“I see startups, technology and innovation as exciting and effective instruments for India’s transformation.” ~ Narendra Modi, Prime Minister of India
INR 10,000 Cr! INR 18 Lakh!
So, what are these numbers? Under Narendra Modi’s ‘Start up India, Stand Up India’ initiative, while the former number indicates the INR 10,000 Cr that has been allocated under the Fund of Funds for startups, the latter is the number of jobs that are expected to be generated over the next five years. This is how significant the startup ecosystem is gradually developing into, for the economy of this nation.
Whilst the numbers are substantial, here’s the snag.
In a recent event organised by the World Economic Forum, the Indian Government, has admitted that disbursement of funds via this special scheme has been awfully sluggish.
Only 600 startups have been funded for a total amount of INR 1,100 Cr out of the whopping INR 10,000 Cr corpus. Now, why is that?
“As an entrepreneur, mentor and advisor myself, while there may be plentiful resources available from the government, start-ups and SMEs are unaware of them. For them (a) the information is too complex and (b) they feel the process is too stringent.”
Why Government Funds Are A Better Option
VCs are reliant on individuals or international banks to pool in money, form a corpus and then disburse the money. Additionally VCs only fund tech, product based companies.
Why shouldn’t all have access to the funds? Why should just a handful get money because they have access to VC funds?
On the other hand banks are also a great alternative because they are less invasive than VCs. Because they are backed by the government, chances of getting loan based on your credit history increases multi-fold. Finally, in the case of loan from banks, they do not ask for stake. All you have to do is pay the principal amount back plus the interest. Thus, raising money from banks is a great choice.
Furthermore, getting collateral free loans has also become easy, thanks to the various government schemes and funding options. These funds can be game-changers for entrepreneurs in India, who are stuck at approvals because the current rules and regulations are strict in giving out loans for un-established businesses.

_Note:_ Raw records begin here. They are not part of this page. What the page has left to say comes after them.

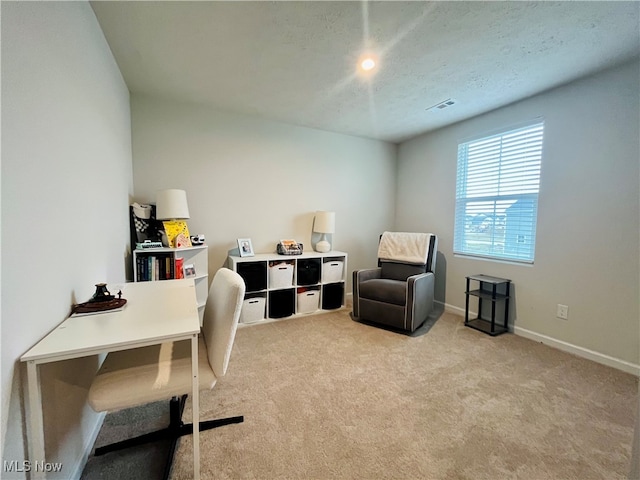 home office with light carpet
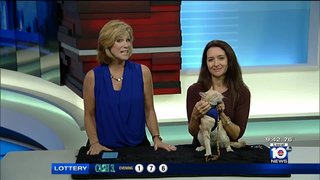 Adopt A Pet: Meet Mikey! local10.com/video/adopt-a-… https://t.co/knEHneUgTT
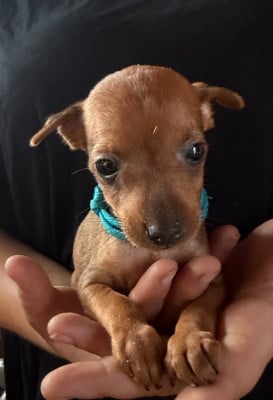 Les chiots de Pinscher nain
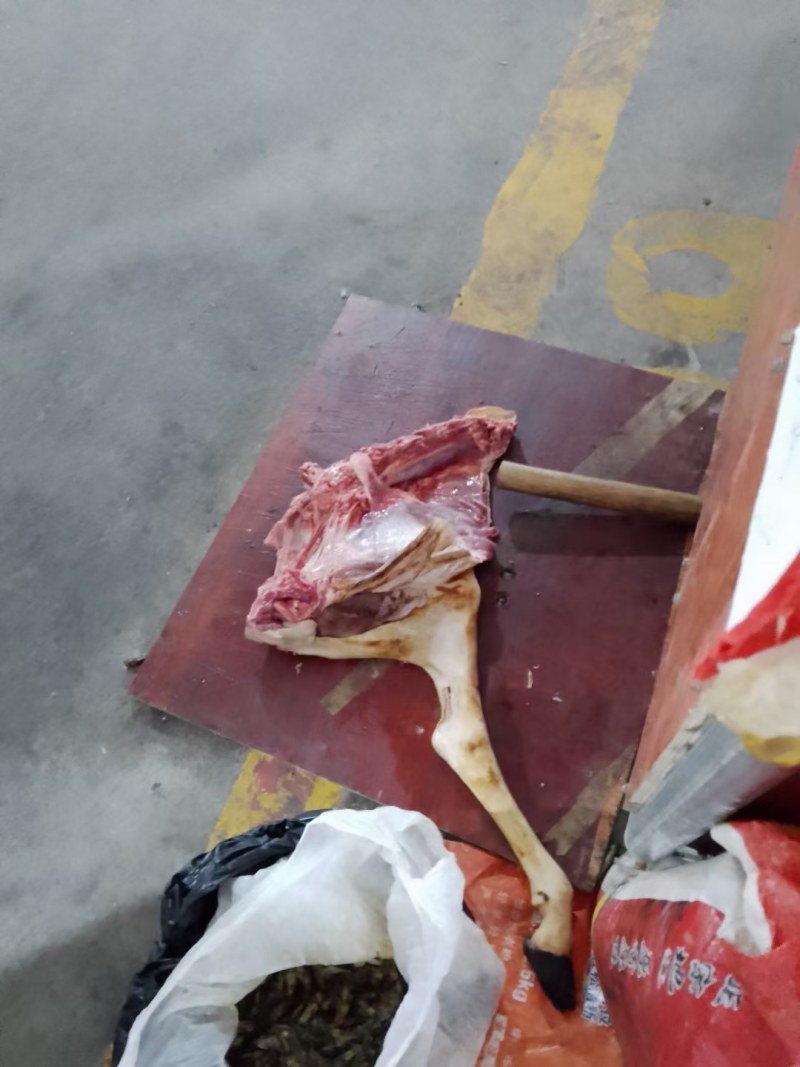 鲜羊肉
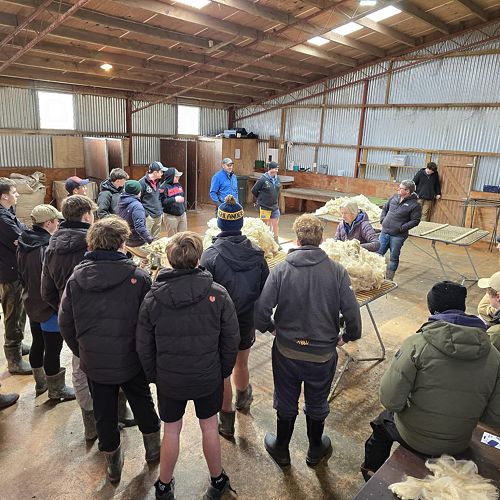 What makes a good fleece?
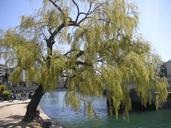 willow-hiroshima-natural-summer-67798.jpg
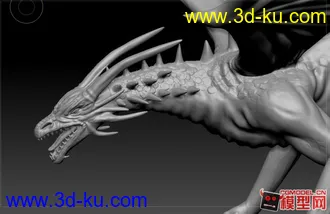 3D打印模型飞龙一只的图片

Startups need money to expand, and banks/financial institutions provide loans only to established businesses with proven track record of generating revenues; and the vicious cycle continues.
Here Are A Few Uncollateralized Funding Options For Startups
Startup India plan: A government of India initiative exclusively for startups. The portal encompasses information with regards to various benefits being offered like funding and credit guarantee support, tax exemptions on capital gains for three years and on investments over fair market value.
SIDBI Growth Capital and Equity Assistance: The funds can be used for marketing, brand building, creation of distribution network, technical know how, R&D, and software purchase.
SIDBI Revolving Fund for Technology Innovation (SRIJAN Scheme): This plan provides financial assistance to MSMEs towards development, upscaling etc.
Lean Manufacturing Scheme for MSMEs: This plan helps to enhance the manufacturing competitiveness of micro, small and medium enterprises (MSMEs) by applying lean techniques to identify and eliminate waste in the manufacturing process.
Credit Linked Capital Subsidy Scheme (CLCSS): This scheme is for technology upgradation of Micro and Small Enterprises for purchase of plant & machinery.
No matter what the size of your business or your dreams, when you have access to the right kind of funding, flying off to a great start can be cake walk. Good Luck!